When you start any conversation about what’s wrong with the music industry today, you’re guaranteed to hear buzzwords such as ‘file sharing’ or ‘booking fees’. Things that people enjoy putting a lot of energy into ranting about. Occasionally, it will cross someone’s mind to say ‘Pop Idol’ or another reference to the plasticised, churned-out rubbish that clutters up what’s left of our charts. And they’d be quite right. To an extent.
What made our music industry great is pop music itself. Not ‘pop’ as the dirty word it’s become today, but on a selection of bands creating catchy melodies and hummable choruses. Pop as in ‘popular’ rather than ‘prolific’. There was a market for all kinds of music throughout the twentieth century, and yet only now are we finding that we have more choice than ever before, but how much of it will we remember?
Record companies have realised the potential for clawing back their financial outgoings through one hit wonders and flavours of the month. Every year we have a new artist touted as ‘the next big thing’, who seemingly comes from nowhere to become the biggest thing since The Beatles, and yet eventually fall into the category of 'Where Are They Now?'. But with this approach to maintaining a balance between commercial success and providing a product that the masses want, have record companies not only doomed us to a monotonous future full of synthed-up aural soma, but caused their own collapse into the bargain?
There are many good reasons for record companies to invest in artists they truly believe will be long-term successes rather than grabbing the instant cash and running. When people started replacing their vinyl with CDs, there was a massive boom in music sales because people had essentially bought two of each record they owned. And this is where having a ‘classic’ or ‘heritage’ artist pays off, because the more of a back catalogue an artist has been allowed to nurture, the more that record company can sell over again when formats inevitably change. Similarly, when the ‘best of’ collections start to appear.

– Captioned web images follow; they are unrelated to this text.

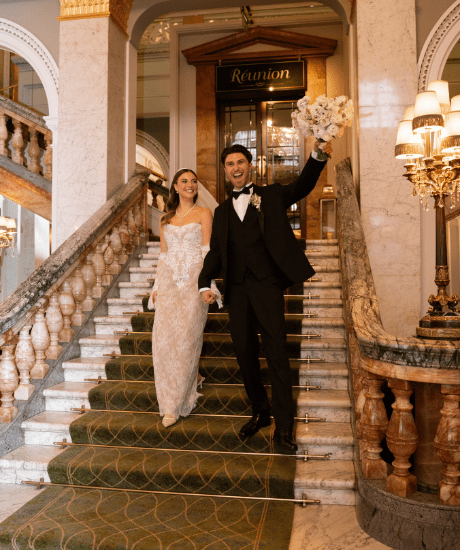 A couple in formal wedding attire walking down the grand marble staircase inside the Clermont Victoria, holding hands, with one person holding a bouquet, ornate balustrades, chandeliers, and the entrance to “Réunion” visible in the background.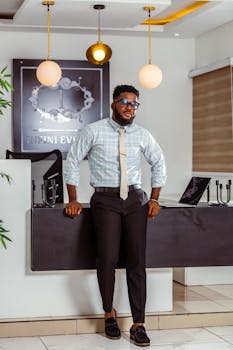 Well-dressed man in office with elegant decor, leaning on desk, exuding confidence.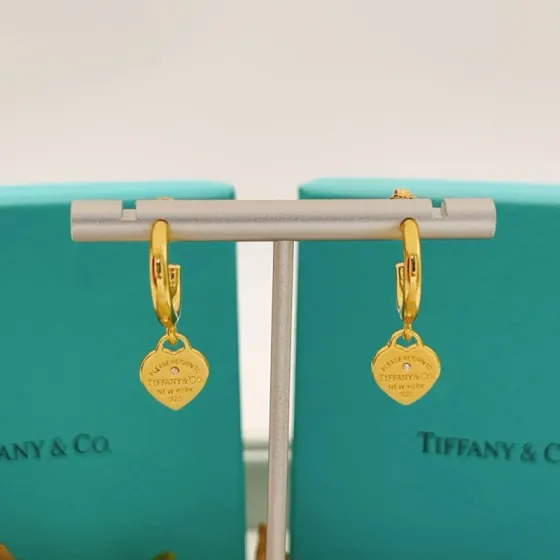 Tiffany Co Return to Tiffany Heart Tag Hoop Earrings earrings gold-tone metal with clear diamond accent 12mm hoop diameter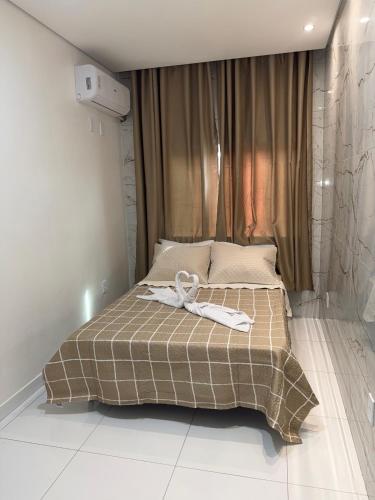 a bedroom with a bed with a towel on it at Pacheco Pousada in Sabará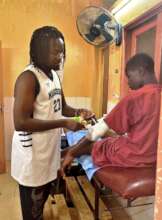 Alagie cares for a talibe child in the infirmary.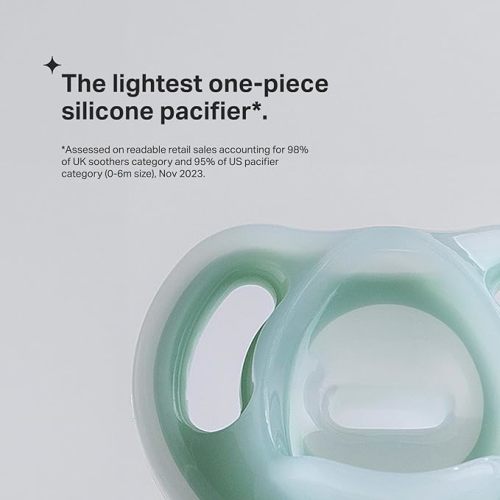Tommee Tippee Ultra-Light Silicone Pacifier, 6-18 Months, Symmetrical One-Piece Design, BPA-Free Silicone Binkies, Clear/Blue/Yellow, Pack of 4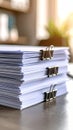 Close up view of a stack of white paper documents held together with binder clips on a wooden desk Royalty Free Stock Photo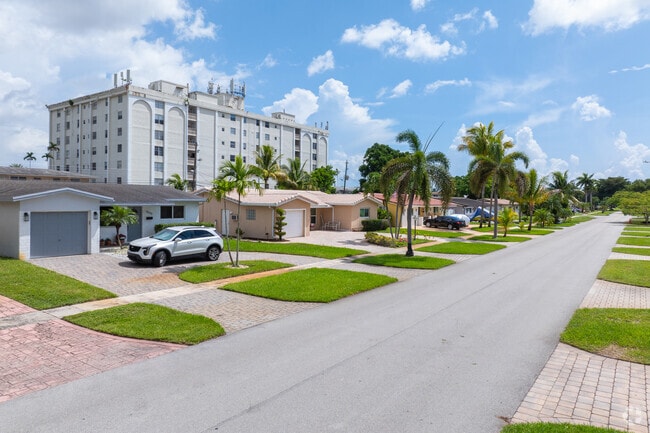 Admire the neat row of homes in Lawn Acres, each with its unique character and style.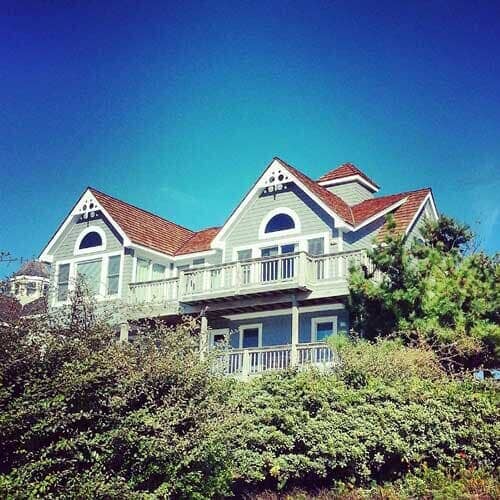 Large House With Trees — Powells Point, NC — Coastal Roofing & Siding Inc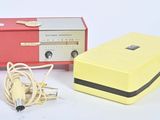 une radio jaune et rouge et un chargeur posés sur une surface blanche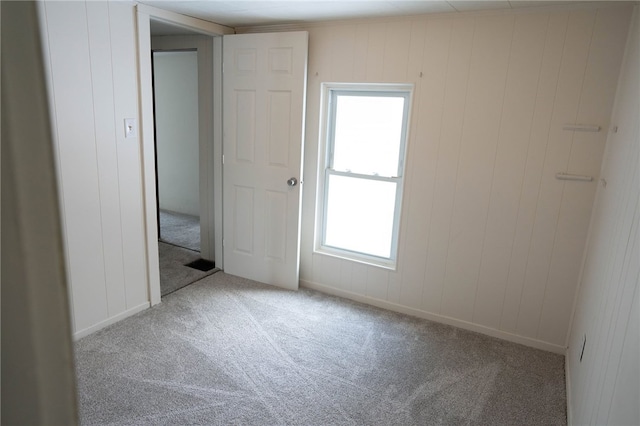 spare room featuring wood walls, a wealth of natural light, and carpet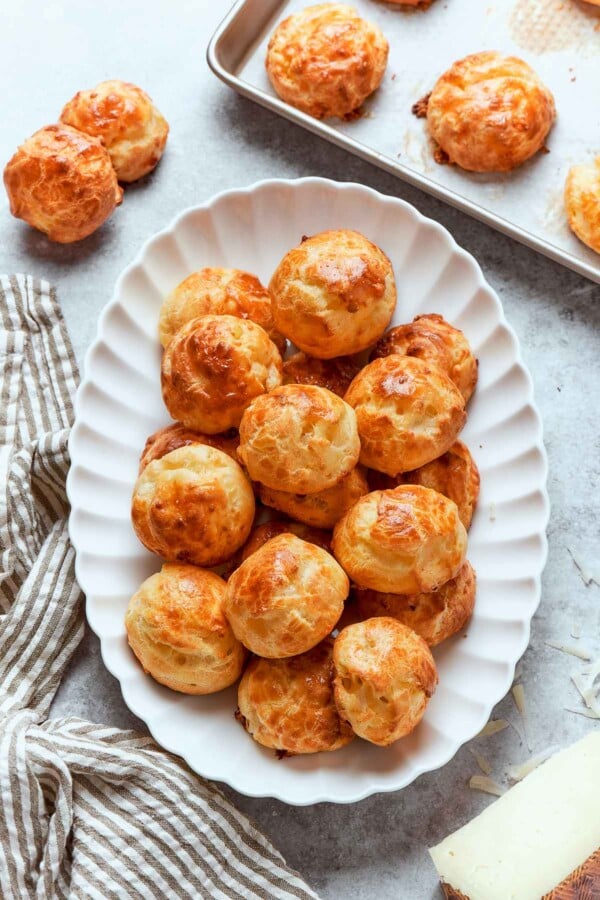 Gougรจres arranged on white plate highlighting golden color and uniform puffed shape.
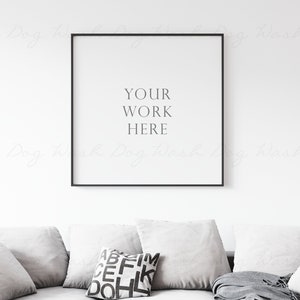 以下が含まれることがあります： 白い壁に「YOUR WORK HERE」という文字が書かれた白い額縁の絵が飾られています。その下には、グレーのソファがあり、白いクッションが置かれています。クッションの一つには、黒い文字で「ABEIM CEFHK DOHL」と書いてあります。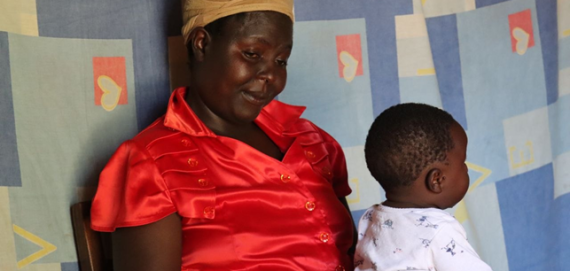 Eglyne Indeku with his son Ezekiel Mwenje during a home visit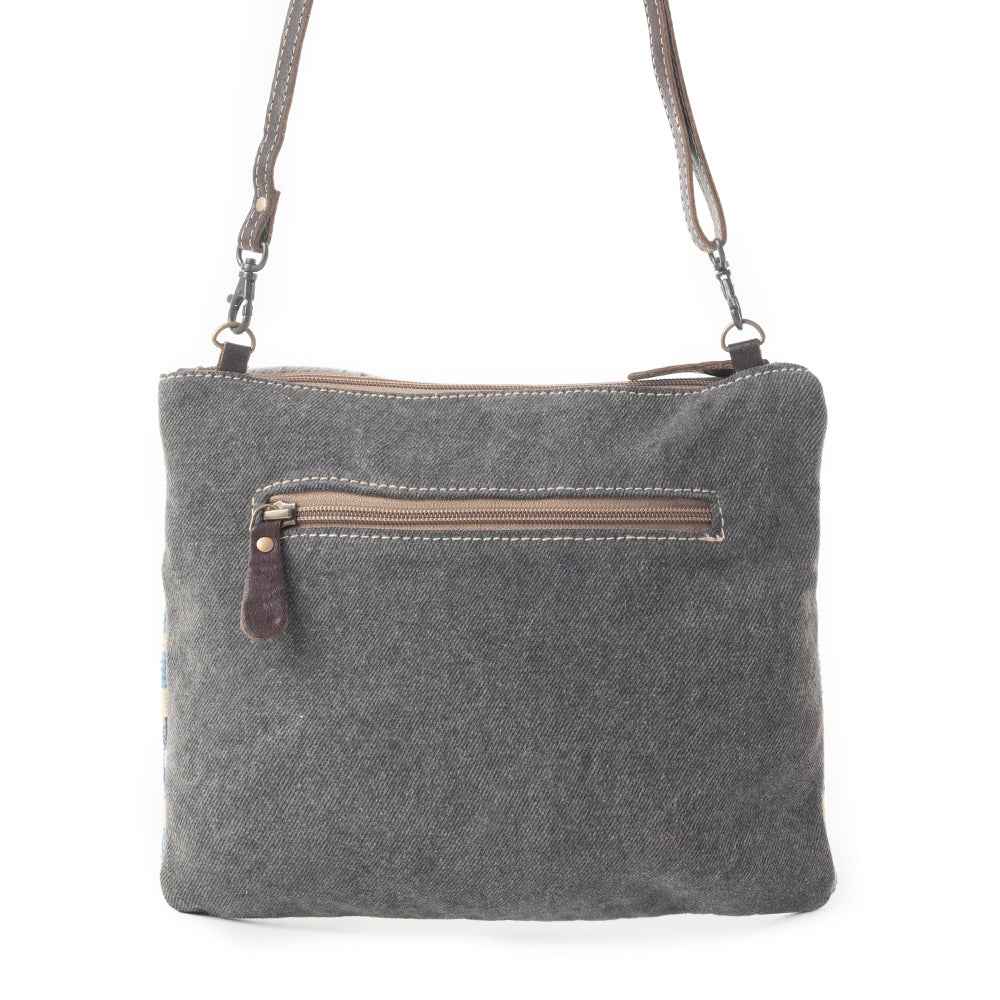 Myra Tufts Pattern Woven Hairon Crossbody â€“ Tribal Geometric Print with Leather Strap and Studded Accents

Longevity is a band’s, and their record company’s, greatest asset. Not only do a band create more, and given the right environment create better music, but they actually save the record company money. Eventually, there’s no need for most of the promotion of a new record or tour. When someone says “Zep” to you, you know who they’re talking about. It’s a given. The word goes out, and the fan clubs and music magazines do all the work. The tried-and-trusted loyalty of fans to be the first to go out and buy a new product is guaranteed money in both band and label’s pocket (and yes, sadly every hanger-on on the way.)
It’s a familiar statistic that one out of twelve artists signed to a label will earn enough to exceed the expense of development. It’s a very expensive gamble on the record company’s part. But on the other hand, that one success can pay for the other eleven costly failures and then some. It’s sorting the wheat from the chaff that the music industry has lost the knack for. Finding that occasional artist who will reap the rewards in the long run, not only financially but in terms of memorable music.
Don’t believe me? Try thinking of a modern equivalent for Bob Dylan or Tom Petty. Not just a soundalike, but in terms of what the music is and continues to mean to the fans, and well as the consistent popularity and creation of new music.
Over the last couple of years, the music industry has undergone something of a renaissance. Record companies need to justify their existence more than ever with the increasing popularity of self-production and overnight success of less pop-based acts without being signed, such as the Arctic Monkeys (note that they were eventually signed and have continued a career because of it. Music cannot live on ideals alone.) Consumers, faced with more choice than ever, are becoming more selective about the music they choose, dooming standards like Top of the Pops in favour of finding their own music. And the people are choosing smaller labels, artists who have ‘paid their dues’ and have something interesting to say. Bands such as Foo Fighters, who have the right combination of music industry pedigree and mass appeal, and will most likely prove to be heritage artists in their own right.
So we haven’t completely destroyed our heritage artists, but left it to fate to create them for us. One thing is still certain: our great grandchildren will be coveting a copy of ‘Black Sabbath’ long after the Ting Tings have faded from memory.